Nei giorni scorsi, in un accorato intervento alla Camera, anche la deputata 5stelle Anna Laura Orrico ha chiesto che si ponga fine a questo assurdo caso di alterazione del diritto penale. «Mi rivolgo a Lei, presidente della Repubblica, – ha scritto Maysoon Majidi – e al popolo italiano con la speranza che la mia voce venga ascoltata e che la mia situazione venga risolta con giustizia e umanità».

NELLA LETTERA, Maysoon afferma di essere stata arrestata, subito dopo lo sbarco sulle coste italiane, in seguito alle dichiarazioni «poi smentite» rilasciate da due testimoni che la indicavano come una persona vicina ai soggetti che, durante la traversata, operavano al timone dell’imbarcazione carica di esseri umani provenienti dalle coste della Turchia. Furono sufficienti queste sommarie e caotiche dichiarazioni per indurre gli inquirenti a indicarla come “il capitano”.
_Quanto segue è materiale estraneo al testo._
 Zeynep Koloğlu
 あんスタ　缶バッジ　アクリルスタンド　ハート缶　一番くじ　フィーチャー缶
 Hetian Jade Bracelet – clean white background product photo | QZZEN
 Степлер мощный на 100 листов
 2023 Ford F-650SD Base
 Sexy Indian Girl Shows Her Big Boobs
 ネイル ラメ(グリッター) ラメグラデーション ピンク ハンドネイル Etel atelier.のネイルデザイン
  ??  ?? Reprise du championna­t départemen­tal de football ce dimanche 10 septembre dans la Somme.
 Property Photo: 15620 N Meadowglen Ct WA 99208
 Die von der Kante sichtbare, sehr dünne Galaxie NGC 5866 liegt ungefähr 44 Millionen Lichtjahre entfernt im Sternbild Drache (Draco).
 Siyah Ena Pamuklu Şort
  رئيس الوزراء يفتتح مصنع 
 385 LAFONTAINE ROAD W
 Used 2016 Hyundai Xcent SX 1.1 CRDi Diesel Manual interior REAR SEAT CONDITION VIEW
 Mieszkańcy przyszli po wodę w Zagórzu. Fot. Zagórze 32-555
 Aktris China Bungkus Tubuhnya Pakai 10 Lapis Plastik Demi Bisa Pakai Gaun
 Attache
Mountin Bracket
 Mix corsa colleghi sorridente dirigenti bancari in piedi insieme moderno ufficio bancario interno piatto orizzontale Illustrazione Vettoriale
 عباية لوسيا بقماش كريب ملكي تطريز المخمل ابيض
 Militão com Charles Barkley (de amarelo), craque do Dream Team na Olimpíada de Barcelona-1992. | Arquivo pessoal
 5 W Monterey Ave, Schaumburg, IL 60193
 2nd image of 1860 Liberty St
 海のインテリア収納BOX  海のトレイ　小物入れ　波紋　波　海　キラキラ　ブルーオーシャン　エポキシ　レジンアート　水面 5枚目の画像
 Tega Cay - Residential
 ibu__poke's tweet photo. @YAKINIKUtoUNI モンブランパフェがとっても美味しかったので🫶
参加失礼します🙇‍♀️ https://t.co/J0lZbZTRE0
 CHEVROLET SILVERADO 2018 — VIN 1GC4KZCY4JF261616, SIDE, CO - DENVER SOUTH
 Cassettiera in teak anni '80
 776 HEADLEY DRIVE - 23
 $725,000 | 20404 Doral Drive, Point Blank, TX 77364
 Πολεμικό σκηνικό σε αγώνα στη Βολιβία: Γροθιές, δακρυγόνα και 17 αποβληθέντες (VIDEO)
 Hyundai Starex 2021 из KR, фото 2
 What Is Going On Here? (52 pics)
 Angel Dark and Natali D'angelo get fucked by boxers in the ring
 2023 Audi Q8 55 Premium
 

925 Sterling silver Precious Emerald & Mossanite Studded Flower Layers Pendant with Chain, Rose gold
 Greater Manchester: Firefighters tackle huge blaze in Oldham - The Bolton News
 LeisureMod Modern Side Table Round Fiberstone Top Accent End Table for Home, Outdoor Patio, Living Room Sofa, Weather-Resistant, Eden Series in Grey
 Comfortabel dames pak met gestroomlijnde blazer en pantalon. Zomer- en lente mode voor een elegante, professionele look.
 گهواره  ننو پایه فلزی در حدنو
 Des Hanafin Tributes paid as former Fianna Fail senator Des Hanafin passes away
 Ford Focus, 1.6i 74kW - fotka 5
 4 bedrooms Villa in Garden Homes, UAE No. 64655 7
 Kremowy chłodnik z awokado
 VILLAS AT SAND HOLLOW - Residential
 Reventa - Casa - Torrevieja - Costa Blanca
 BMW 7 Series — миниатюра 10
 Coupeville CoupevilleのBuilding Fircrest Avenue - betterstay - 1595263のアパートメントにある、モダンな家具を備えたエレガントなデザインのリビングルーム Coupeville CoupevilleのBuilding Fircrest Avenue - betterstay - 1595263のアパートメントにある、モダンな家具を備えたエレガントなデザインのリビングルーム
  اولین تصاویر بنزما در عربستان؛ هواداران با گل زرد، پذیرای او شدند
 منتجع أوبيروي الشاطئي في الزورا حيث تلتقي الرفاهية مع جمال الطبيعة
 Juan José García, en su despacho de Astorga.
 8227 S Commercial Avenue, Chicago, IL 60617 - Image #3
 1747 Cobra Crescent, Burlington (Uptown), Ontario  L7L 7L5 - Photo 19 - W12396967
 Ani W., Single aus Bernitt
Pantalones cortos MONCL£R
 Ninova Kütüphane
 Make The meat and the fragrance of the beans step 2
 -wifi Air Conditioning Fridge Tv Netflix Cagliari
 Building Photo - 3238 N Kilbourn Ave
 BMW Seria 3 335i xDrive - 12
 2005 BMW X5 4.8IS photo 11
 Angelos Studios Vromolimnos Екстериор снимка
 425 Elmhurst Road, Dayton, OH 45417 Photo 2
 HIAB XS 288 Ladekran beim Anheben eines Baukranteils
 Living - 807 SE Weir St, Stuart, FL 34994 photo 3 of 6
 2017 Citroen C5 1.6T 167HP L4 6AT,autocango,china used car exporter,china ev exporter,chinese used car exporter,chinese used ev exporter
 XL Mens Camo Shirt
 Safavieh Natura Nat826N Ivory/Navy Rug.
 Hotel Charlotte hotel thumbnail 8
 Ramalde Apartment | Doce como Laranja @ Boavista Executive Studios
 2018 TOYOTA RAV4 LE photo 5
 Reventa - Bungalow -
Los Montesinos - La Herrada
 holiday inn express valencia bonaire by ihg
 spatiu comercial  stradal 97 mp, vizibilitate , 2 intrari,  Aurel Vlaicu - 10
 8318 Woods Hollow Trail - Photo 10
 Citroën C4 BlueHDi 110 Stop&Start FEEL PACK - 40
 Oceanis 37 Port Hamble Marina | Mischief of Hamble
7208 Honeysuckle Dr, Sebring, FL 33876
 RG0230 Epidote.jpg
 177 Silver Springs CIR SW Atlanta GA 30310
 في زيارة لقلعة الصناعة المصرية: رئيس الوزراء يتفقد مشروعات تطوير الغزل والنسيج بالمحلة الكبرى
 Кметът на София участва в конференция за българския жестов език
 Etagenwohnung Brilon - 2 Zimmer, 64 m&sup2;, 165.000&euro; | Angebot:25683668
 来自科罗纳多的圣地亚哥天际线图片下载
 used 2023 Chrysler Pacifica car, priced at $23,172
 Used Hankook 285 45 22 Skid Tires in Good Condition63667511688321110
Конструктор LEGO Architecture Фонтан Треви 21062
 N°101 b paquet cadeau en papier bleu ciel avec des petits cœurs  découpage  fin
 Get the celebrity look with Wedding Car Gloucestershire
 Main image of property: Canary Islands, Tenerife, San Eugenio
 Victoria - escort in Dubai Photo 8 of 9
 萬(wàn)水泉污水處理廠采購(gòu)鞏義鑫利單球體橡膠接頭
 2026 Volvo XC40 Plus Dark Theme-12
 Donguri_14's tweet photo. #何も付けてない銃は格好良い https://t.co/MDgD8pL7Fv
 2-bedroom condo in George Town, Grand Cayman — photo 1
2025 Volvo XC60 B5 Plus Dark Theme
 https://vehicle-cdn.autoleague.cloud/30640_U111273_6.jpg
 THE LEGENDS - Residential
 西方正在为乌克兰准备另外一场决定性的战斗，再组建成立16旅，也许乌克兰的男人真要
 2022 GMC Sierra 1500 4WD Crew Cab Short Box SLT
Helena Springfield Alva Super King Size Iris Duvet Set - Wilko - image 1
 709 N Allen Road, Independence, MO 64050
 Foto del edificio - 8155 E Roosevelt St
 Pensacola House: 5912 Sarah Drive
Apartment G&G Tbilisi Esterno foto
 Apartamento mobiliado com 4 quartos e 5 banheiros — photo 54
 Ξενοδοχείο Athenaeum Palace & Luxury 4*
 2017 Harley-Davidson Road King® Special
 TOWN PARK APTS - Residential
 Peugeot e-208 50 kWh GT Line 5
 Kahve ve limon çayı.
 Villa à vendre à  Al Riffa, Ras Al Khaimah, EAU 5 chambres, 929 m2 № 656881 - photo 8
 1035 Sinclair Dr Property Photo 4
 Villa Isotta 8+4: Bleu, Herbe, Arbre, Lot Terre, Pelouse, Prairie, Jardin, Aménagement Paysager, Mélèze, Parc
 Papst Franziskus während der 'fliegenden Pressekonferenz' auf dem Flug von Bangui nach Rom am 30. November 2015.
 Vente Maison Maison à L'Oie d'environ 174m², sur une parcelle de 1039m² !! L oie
Da quel momento, la reporter e sceneggiatrice Maysoon, in fuga dall’Iran, dove sin da ragazzina ha lottato per i diritti delle donne e la battaglia di libertà del popolo curdo, sta vivendo la paradossale condizione di perseguitata anche in un Paese democratico che in teoria avrebbe dovuto quantomeno accogliere la sua istanza di protezione.

«SONO SOLO UNA delle persone migranti e richiedenti asilo che fuggono da situazioni di acuta sofferenza», spiega Maysoon. «Vi prego di non lasciarmi sola, la vostra azione può fare la differenza tra la speranza e la disperazione, tra la libertà e la prigionia», si legge in fondo alla missiva.

LA SUA VICENDA È ANALOGA a quella di Marjan Jamali, arrestata appena due giorni dopo lo sbarco, avvenuto a Roccella il 26 ottobre 2023. Vittima di violenze sessuali durante il viaggio della speranza, da parte degli stessi soggetti che poi l’hanno accusata di essere scafista, anche Marjan è stata arrestata. In seguito posta agli arresti domiciliari, si è potuta ricongiungere con il suo bambino.

«Abbiamo bisogno della solidarietà del maggior numero di persone e di associazioni per gettare luce su questo caso nel quale si manifesta un ulteriore inasprimento della politica migratoria italiana – ha detto ieri Luigi Manconi -. Ci troviamo di fronte a un’applicazione brutale dell’impegno preso dalla Presidente del Consiglio Meloni quando dichiarò: “Andremo a cercare gli scafisti lungo tutto il globo terracqueo”».

PER IL PROCESSO, che sarà celebrato il prossimo 24 luglio, il comitato spontaneo «Free Maysoon» lancia un presidio davanti al tribunale di Crotone.